12.1 apaStyle paketi

require(pastecs)
require(apaStyle)
library(rJava)
#hata verirse
Sys.setenv(JAVA_HOME='C:\\Program Files\\Java\\jre1.8.0_111') # for 64-bit version

#veri tanımla 

apa.descriptives(data = temdataet[,1:5], variables = names(temdataet[,1:5]), report = "", title = "test", filename = "test.docx", note = NULL, position = "lower", merge = FALSE, landscape = FALSE, save = TRUE)

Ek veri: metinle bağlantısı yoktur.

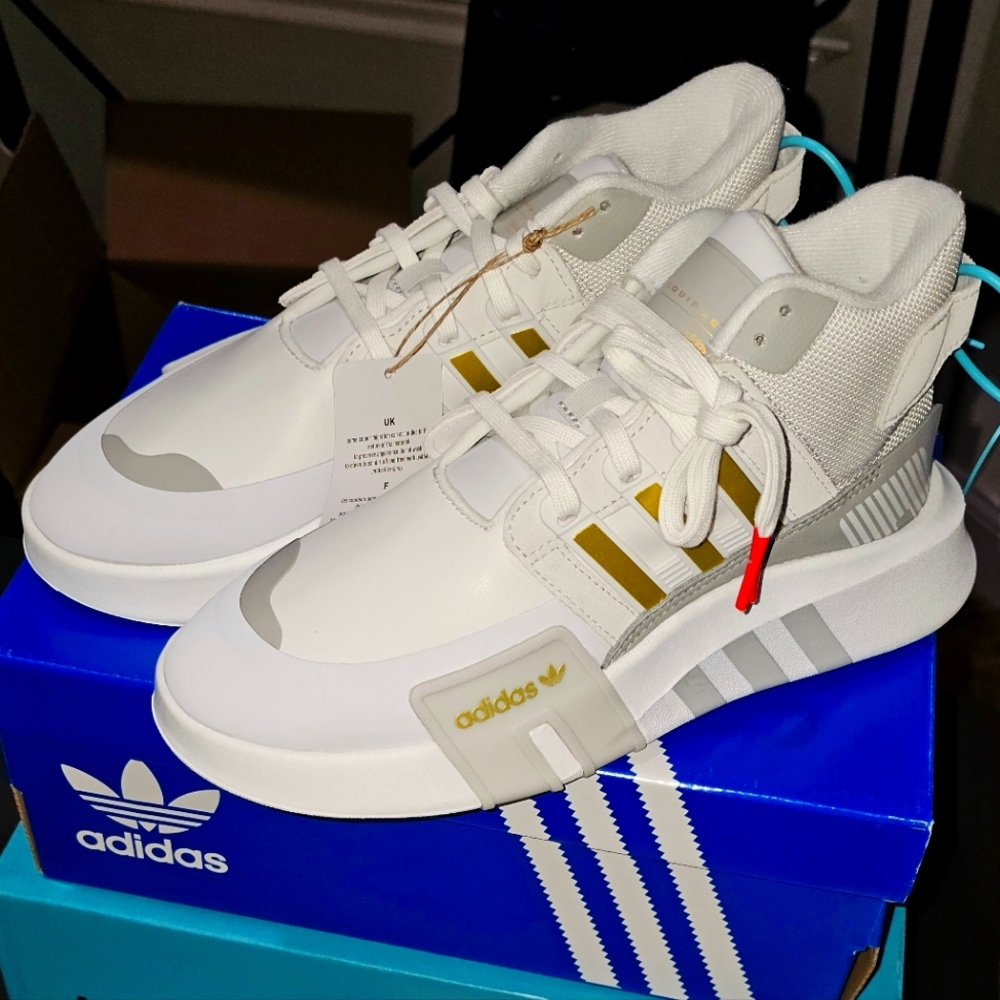 Adidas EQT Basketball Men's Size 6 Shoe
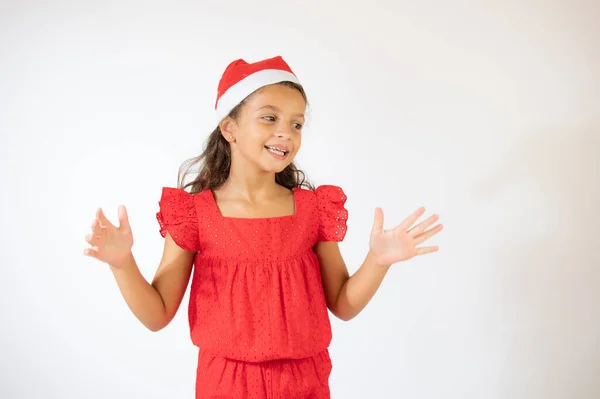 Schöne Mädchen Roten Kleid Mit Weihnachtsmütze Lächelnd — Stockfoto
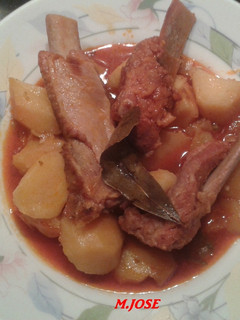 Una foto de Patatas a la riojana con pimiento choricero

example <- data.frame(c("Column 1", "Column 2", "Column 3"), c(3.45, 5.21, 2.64), c(1.23, 1.06, 1.12) )
apa.table(data = example, level1.header = c("Variable", "M", "SD"))


example <- data.frame( c("Column 1", "Column 2", "Column 3"), 
                       c(3.45, 5.21, 2.64), 
                       c(1.23, 1.06, 1.12), 
                       c(8.22, 25.12, 30.27), 
                       c("+", "**", "***") )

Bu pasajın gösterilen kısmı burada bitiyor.